It sells for £5.99 on Amazon and is currently number 81,137 in the thrillers best sellers list.
Okay so it’s going to be a slow burner but is it a bummer?
Well, I have to say for starters it is a good story and the structure and pace is great.
But, and it is a big but, the text is littered with grammar and spelling mistakes.
And when some of Stephen's male characters express their opinions, well - some anti-feminist sentiments and traits of misogyny are revealed.
Let’s start at the beginning.
Stephen, a former police officer and MD of the largest licensed taxi service outside London, said: "The book was inspired by an incident that happened to me when I was a licensed cab driver.
"I was the one who drove a call girl about and I was the one who was offered a job as a getaway driver!"
There is lots of lust at first sight and some stilted sentences which sound like stage directions – in fact it would probably make a very watchable TV series for crime fans.
What jars most is the juvenile descriptions, women in the principal roles are always ‘attractive’ who wear pencil skirts and white blouses and provocative underwear.
Now I know about the three SSSs (shit, shave and shower) but the characters do the final ablutions aplenty.

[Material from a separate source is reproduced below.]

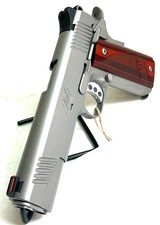 KIMBER STAINLESS II .45 ACP - 1 of 3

I like to learn when I read and this book contains only three words I had never heard of in its 137-pages. Stertorous, Scrotes and azooSpermia (joke capital S) another triple SSS.

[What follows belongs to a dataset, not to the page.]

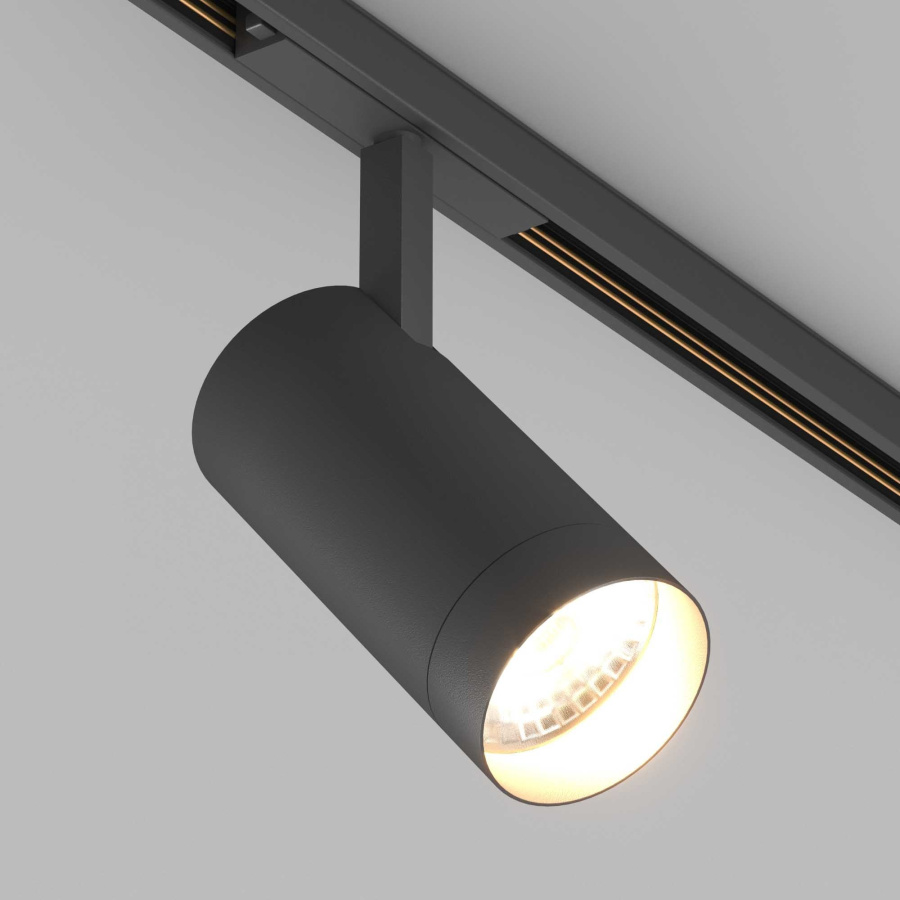 Светильник MAG-ORIENT-SPOT-R65-20W Warm3000 (WH, 24 deg, 48V, DALI) (Arlight, IP20 Металл, 5 лет)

It does read like a crime report and the inconsistent printing of clock times is jarring like 5pm, 5 o’clock, 5:00pm, 17.00hrs and five oh clock, I kid you not.
Cab Ride to Crime is not a whodunnit because you know whodunit it is all about whether they will be caught and punished.
The set-up is the best bit however you must suspend all reason at some of the relationships.
You have the tart with a heart whose chosen profession as a prostitute gets blamed on an abusive childhood.
The big wig barrister gets down and dirty with her while his seemingly strait-laced solicitor wife has a one-night stand with Mr Very Big and we aren’t only talking about his dangly bits which don't dangly!
Add a married police motorbike rider who rides another officer in what is called a ‘torrid’ affair.
And then there is a sad cab driver who splashes the cash to ‘attract’ a glamorous dental nurse with a secret gambling addiction.
Stephen said: “I believe that all the characters in the book are believable.
“Many of them are based on people I have met during the varied careers that I chose to follow.”
The road and trail rides work, the cliché sex scenes don’t unless you like reading about firm left or was it right? breasts and rounded bums.
How sexy is this ‘when her fingers reached the elasticated waistband of his joggers…’ and underneath she discovered…wait for it… ‘Lacoste underpants’.
Okay, it actually says ‘Without taking his eyes off her, he removed his tracksuit bottoms and black Lacoste underpants and lay naked besides her’.
Stephen conceded that ‘it may not be the sexiest line every written…’.
I can’t work out whether the brand placements were for fun (there isn’t much fun either between the sheets or the chapters) but the food, drink, motors, clothes and household fittings including a FFS candlestick are all named products. Oh, I forgot and the shower gel!
Apart from the overuse of ‘attractive’ the word ‘whilst’ appears on nearly every page.
The trouble for me was I had no empathy in any of the characters in this boys-only book at bedtime but Stephen does have lots of fans.
The names of Ronnie and Reg for the bad guys, the Black & White St Paul’s café resurrected as Shades of Grey, we are told Lloyd the bouncer is black several times in one short paragraph and the chicken like me at this point is ‘jerked’ off!
As a storyteller Stephen definitely got something but he needs to slow down and concentrate on quality about quantity, sorry.
With three books already published a sequel to Cab Ride to Crime is now in production – I am glad because I really need to know how it all ends.

​Carol Deacon



STOP PRESS: “Just a quick update on my book Cab Ride to Crime. Publishers Austin Macauley have offered me a publishing contract. Might be worth mentioning when you do your review," regards Steve.